◆ The task
Every line between the one containing "TOWED: Two cars" and the last line of the data, both included, is to be set down exactly, and pictures are to be omitted.

◆ Data for processing
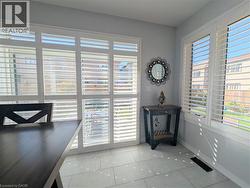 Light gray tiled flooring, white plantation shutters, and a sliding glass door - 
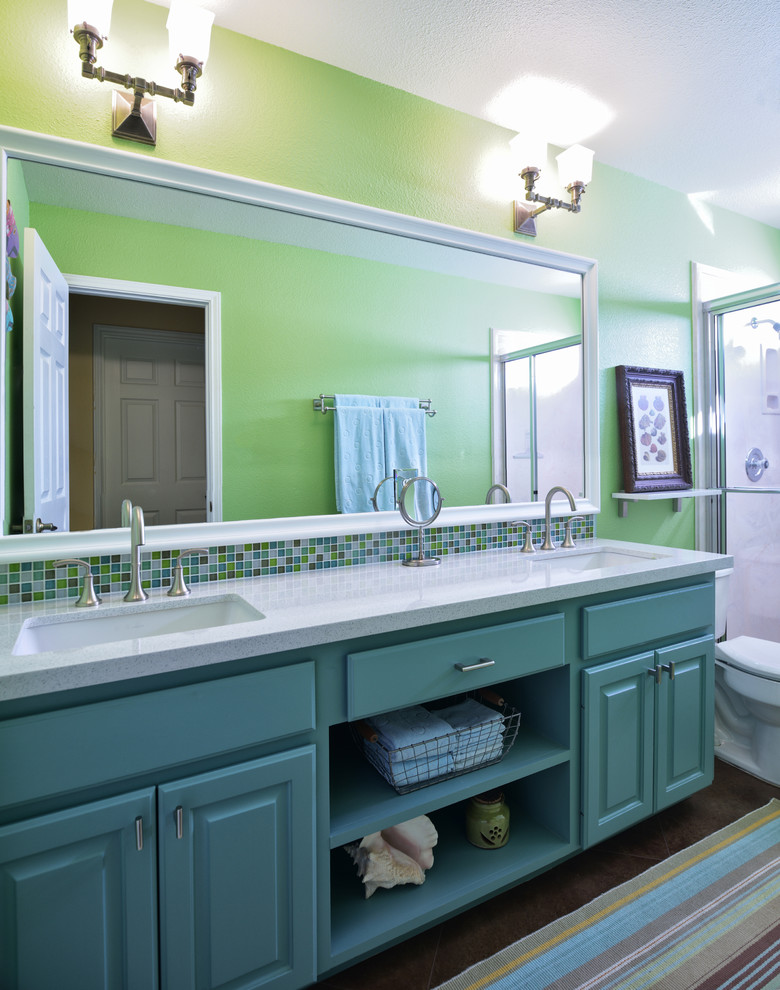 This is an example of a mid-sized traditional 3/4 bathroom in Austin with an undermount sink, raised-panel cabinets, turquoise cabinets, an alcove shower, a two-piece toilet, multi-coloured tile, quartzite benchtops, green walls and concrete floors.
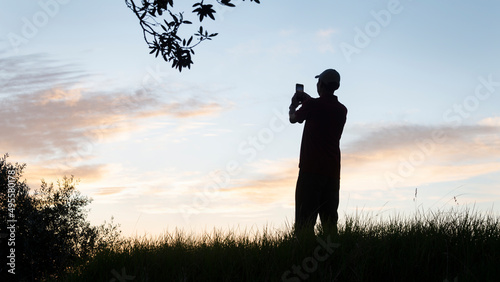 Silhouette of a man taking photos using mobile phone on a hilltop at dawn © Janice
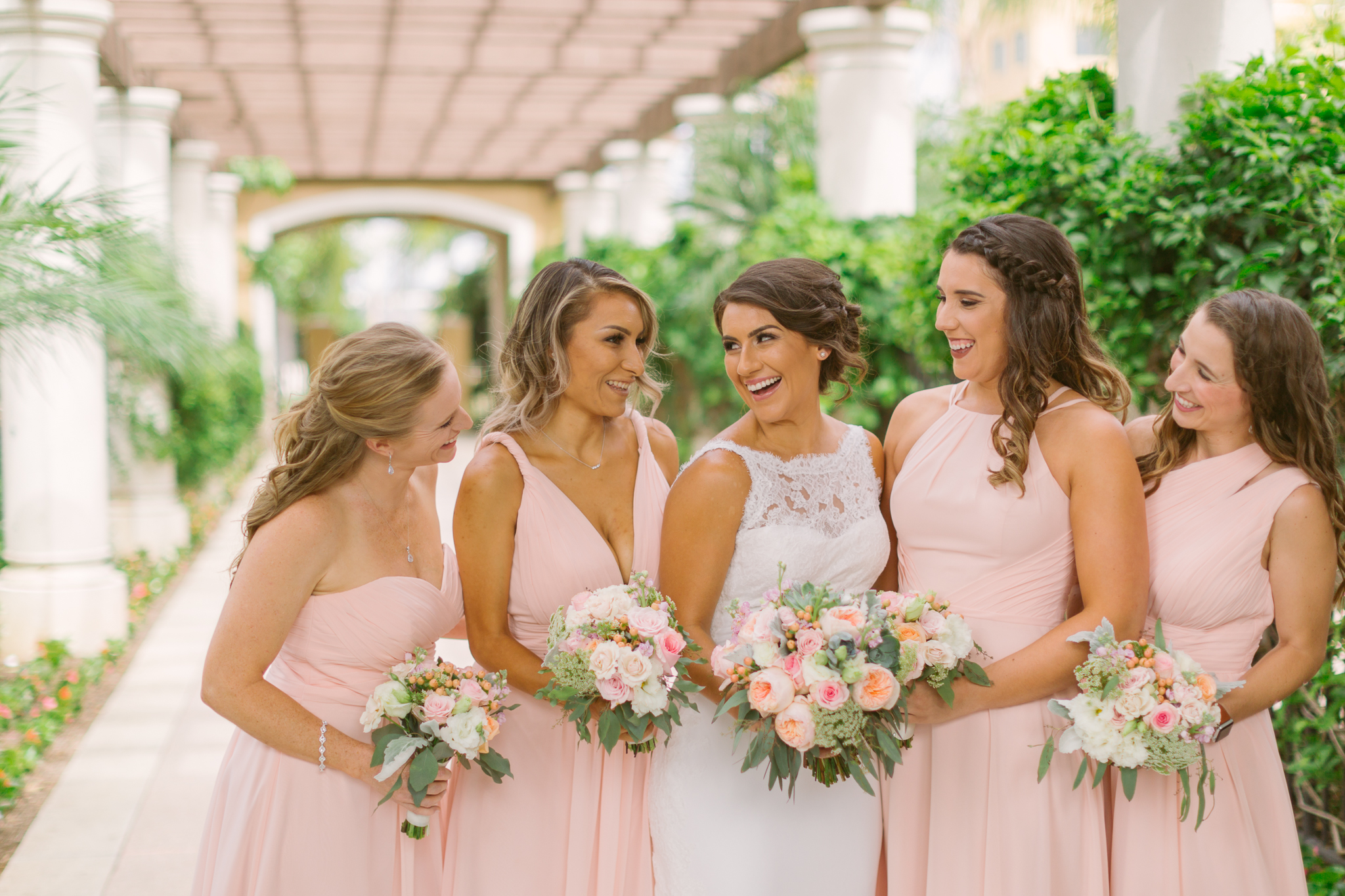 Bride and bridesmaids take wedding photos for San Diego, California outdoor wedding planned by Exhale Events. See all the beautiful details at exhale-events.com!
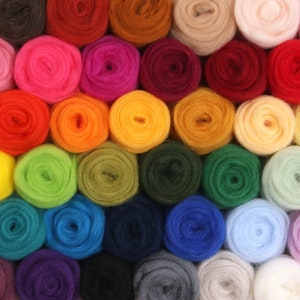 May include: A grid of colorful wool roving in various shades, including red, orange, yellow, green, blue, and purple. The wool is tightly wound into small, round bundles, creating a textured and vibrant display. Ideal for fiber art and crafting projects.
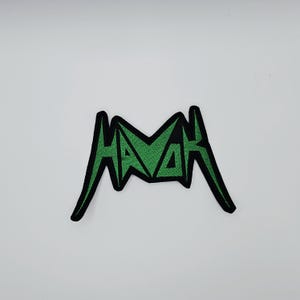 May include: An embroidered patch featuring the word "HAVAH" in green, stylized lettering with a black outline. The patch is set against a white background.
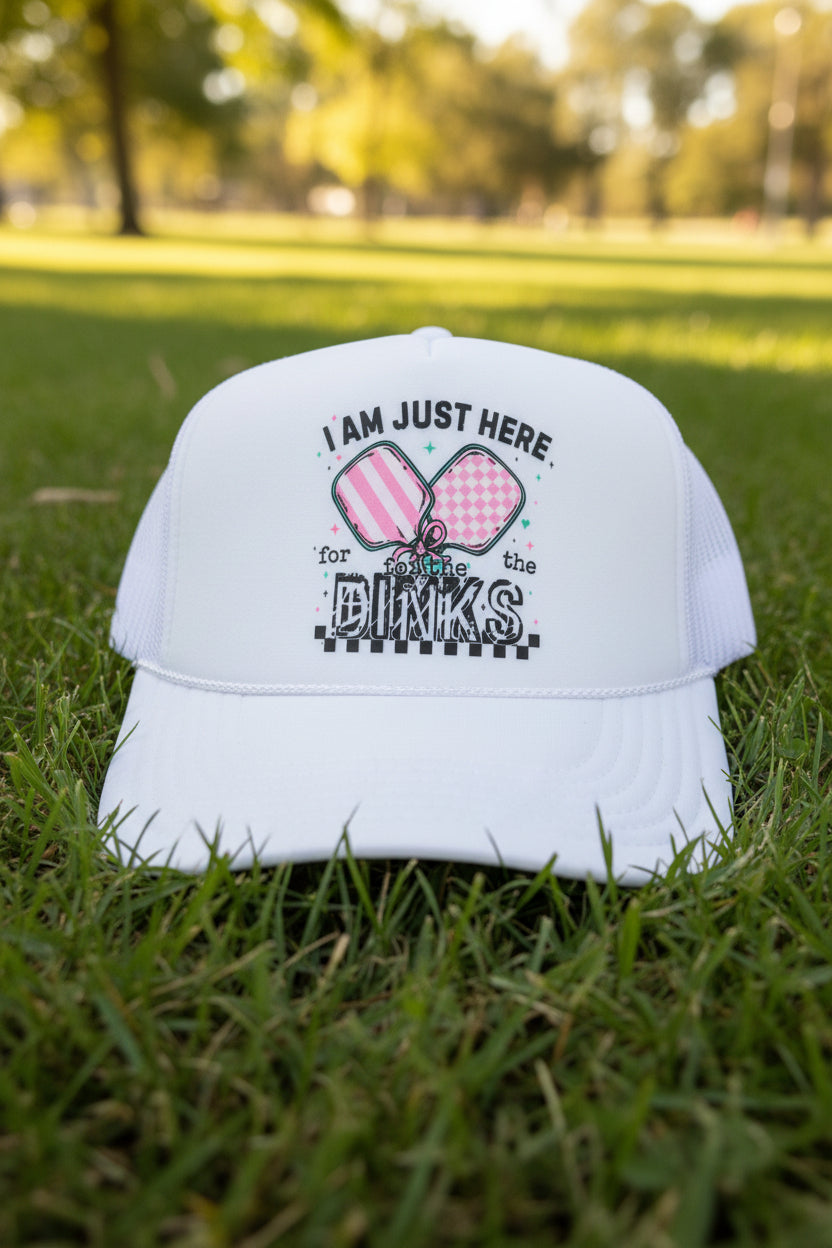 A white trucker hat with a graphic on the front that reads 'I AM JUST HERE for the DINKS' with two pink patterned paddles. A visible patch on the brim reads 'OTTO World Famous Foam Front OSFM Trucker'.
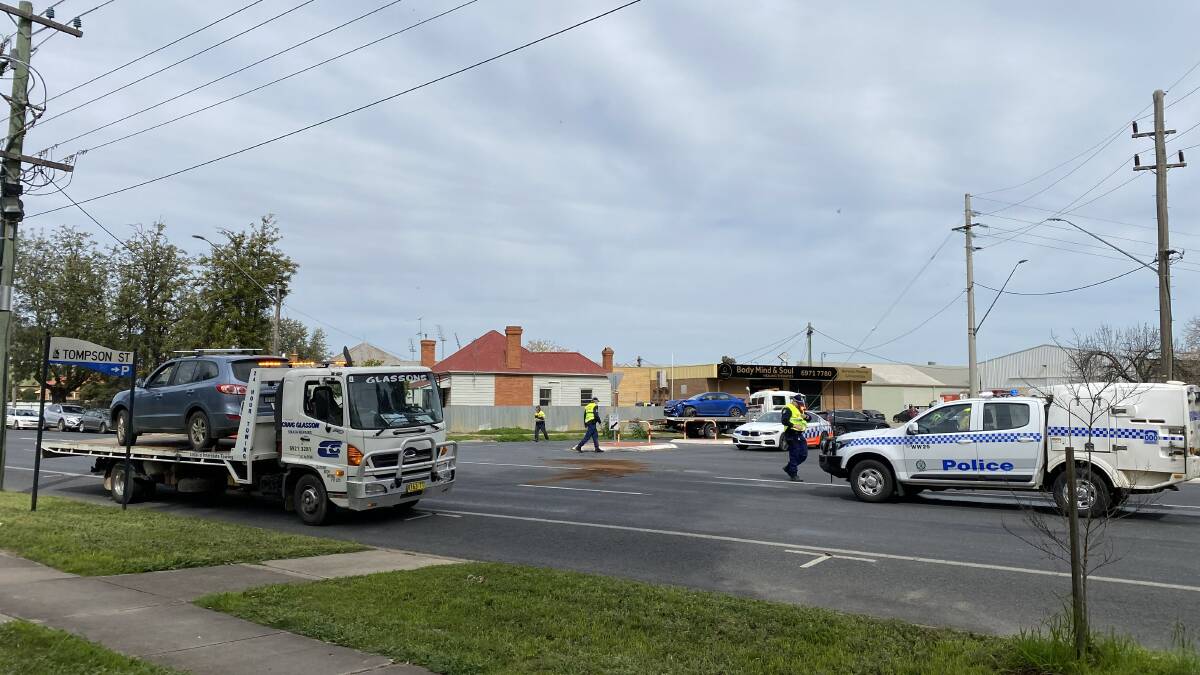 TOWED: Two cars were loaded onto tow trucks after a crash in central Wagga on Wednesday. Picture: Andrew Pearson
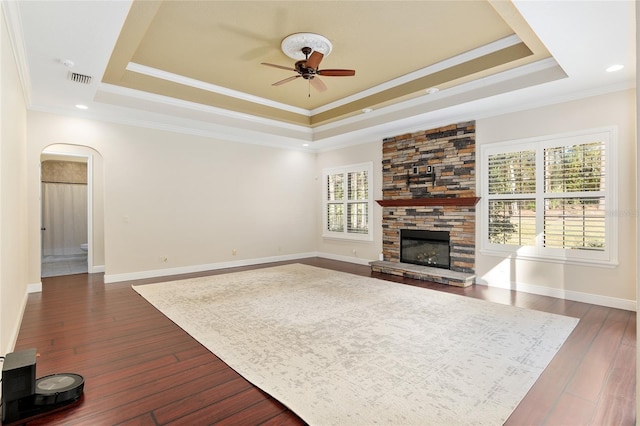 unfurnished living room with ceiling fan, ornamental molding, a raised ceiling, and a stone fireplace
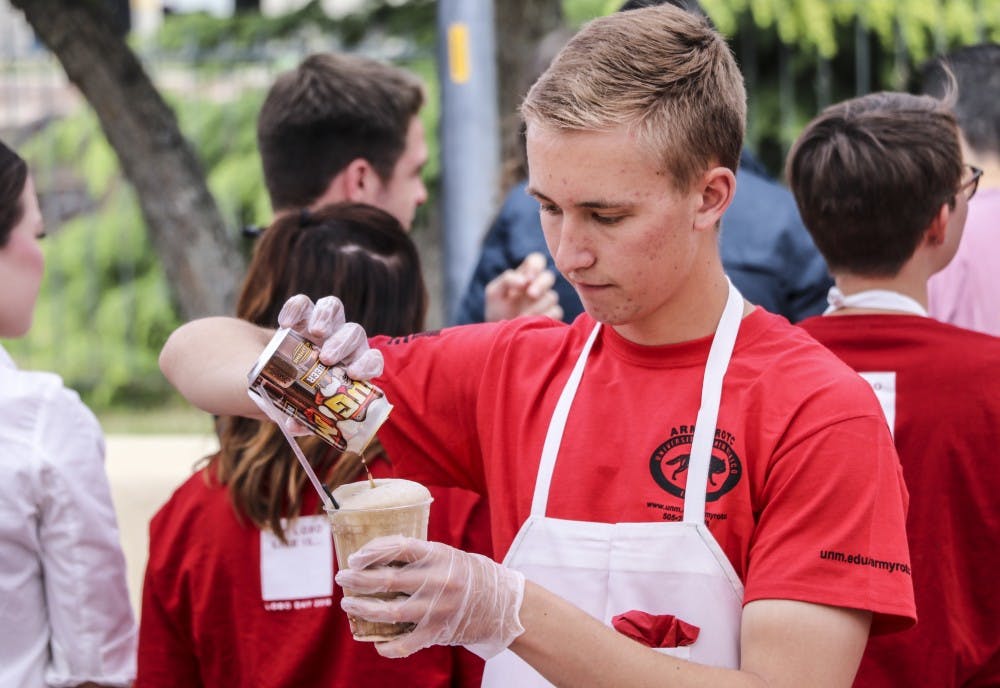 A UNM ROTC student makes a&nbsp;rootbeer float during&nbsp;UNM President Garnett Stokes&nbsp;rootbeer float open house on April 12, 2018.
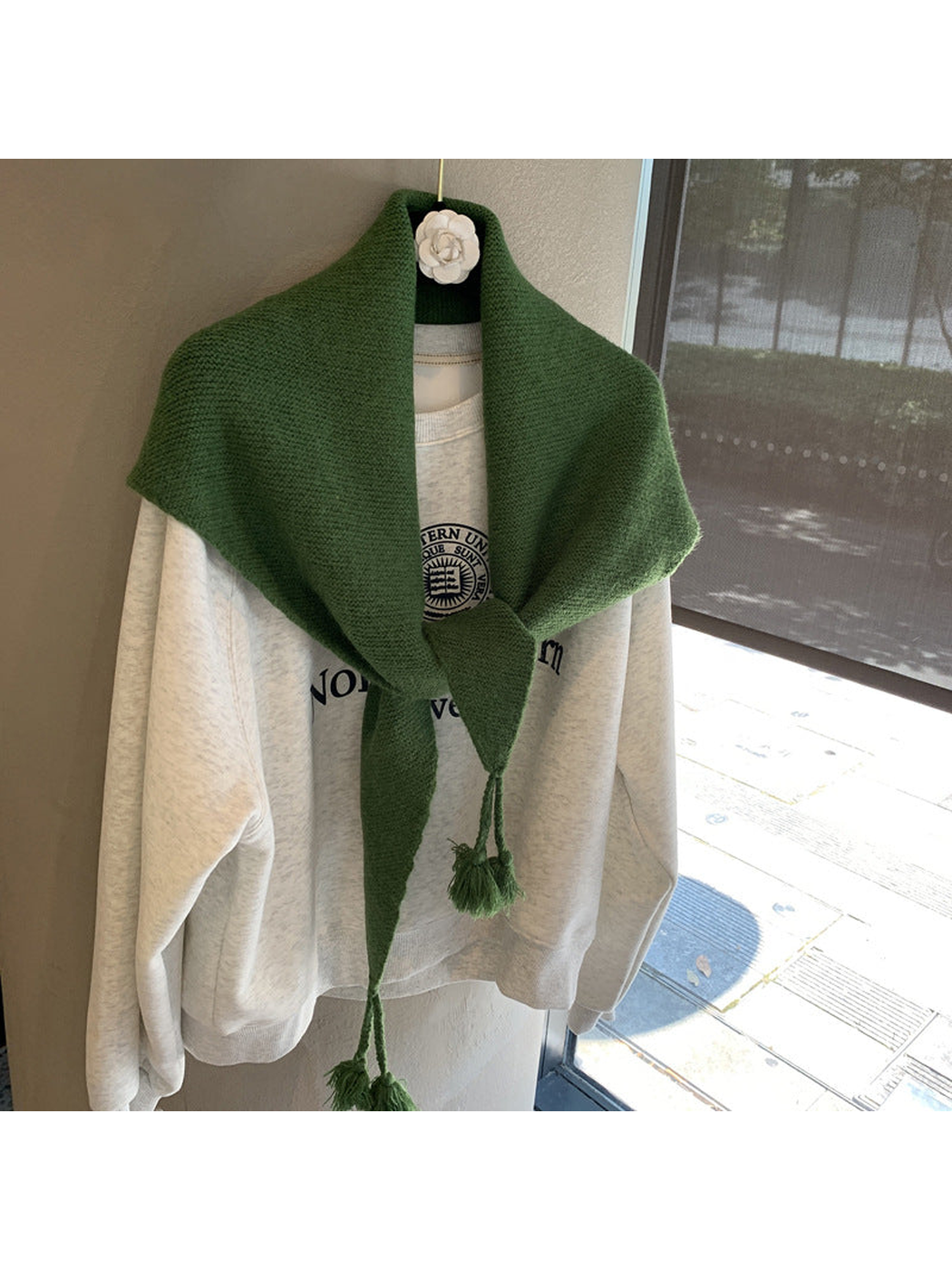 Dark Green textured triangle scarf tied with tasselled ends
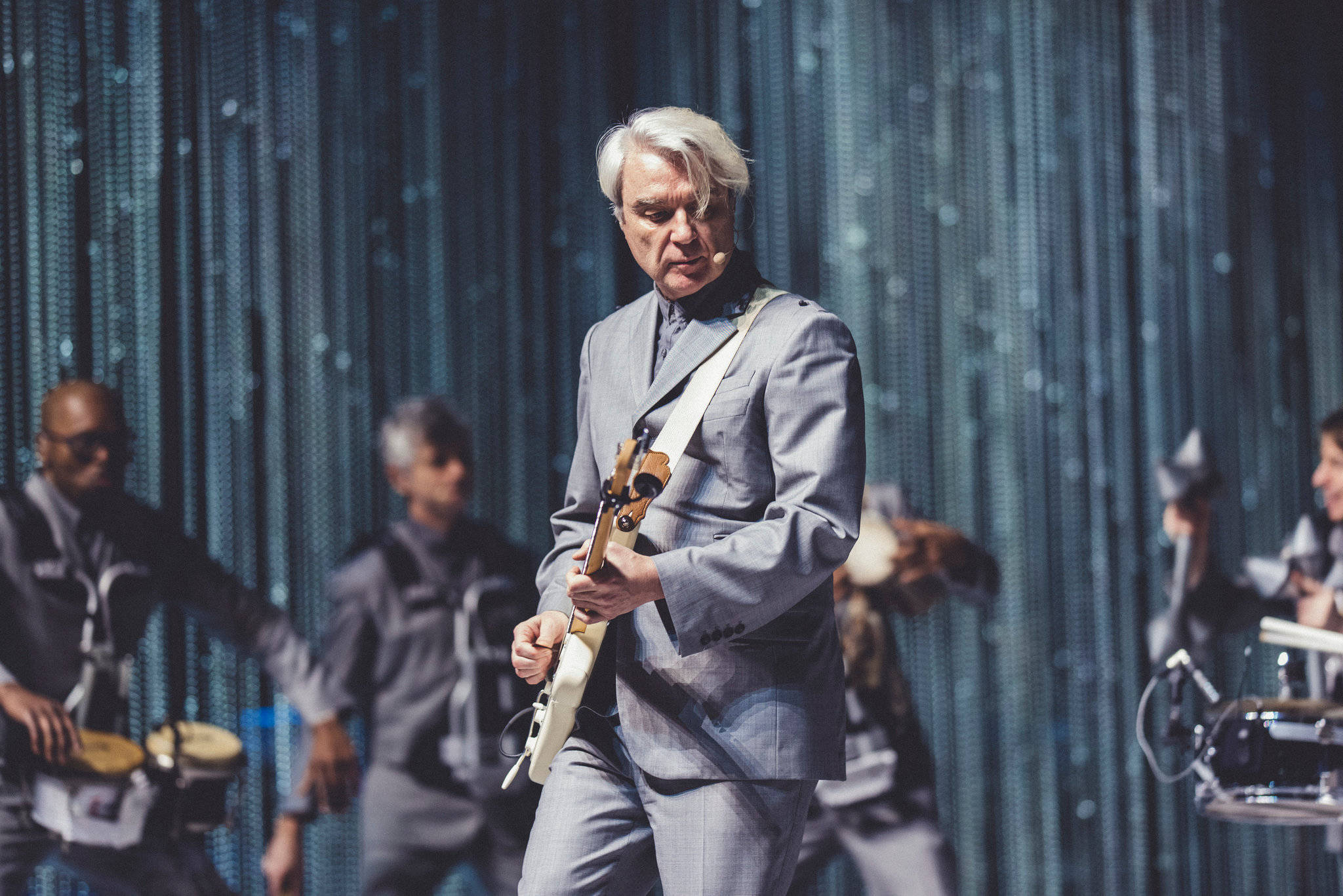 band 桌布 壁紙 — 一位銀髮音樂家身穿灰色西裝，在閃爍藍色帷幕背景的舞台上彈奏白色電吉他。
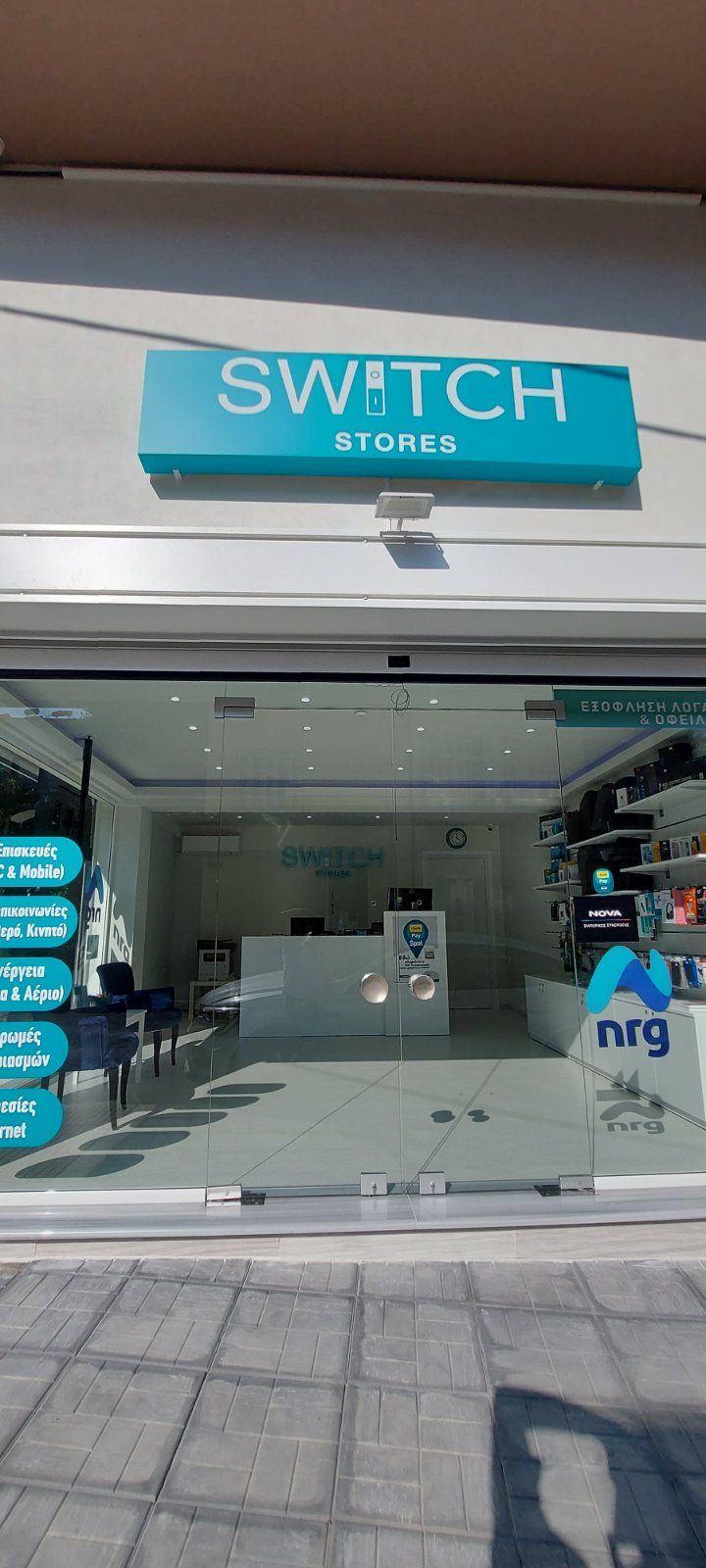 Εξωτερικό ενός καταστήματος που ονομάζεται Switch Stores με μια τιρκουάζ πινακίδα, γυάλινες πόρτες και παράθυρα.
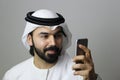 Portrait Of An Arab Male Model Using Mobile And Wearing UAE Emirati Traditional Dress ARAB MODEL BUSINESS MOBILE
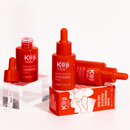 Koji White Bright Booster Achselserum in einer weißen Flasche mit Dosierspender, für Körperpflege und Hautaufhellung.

◆ Exercise solution
 TOWED: Two cars were loaded onto tow trucks after a crash in central Wagga on Wednesday. Picture: Andrew Pearson
 unfurnished living room with ceiling fan, ornamental molding, a raised ceiling, and a stone fireplace
 A UNM ROTC student makes a&nbsp;rootbeer float during&nbsp;UNM President Garnett Stokes&nbsp;rootbeer float open house on April 12, 2018.
 Dark Green textured triangle scarf tied with tasselled ends
 band 桌布 壁紙 — 一位銀髮音樂家身穿灰色西裝，在閃爍藍色帷幕背景的舞台上彈奏白色電吉他。
 Εξωτερικό ενός καταστήματος που ονομάζεται Switch Stores με μια τιρκουάζ πινακίδα, γυάλινες πόρτες και παράθυρα.
 Portrait Of An Arab Male Model Using Mobile And Wearing UAE Emirati Traditional Dress ARAB MODEL BUSINESS MOBILE
 Koji White Bright Booster Achselserum in einer weißen Flasche mit Dosierspender, für Körperpflege und Hautaufhellung.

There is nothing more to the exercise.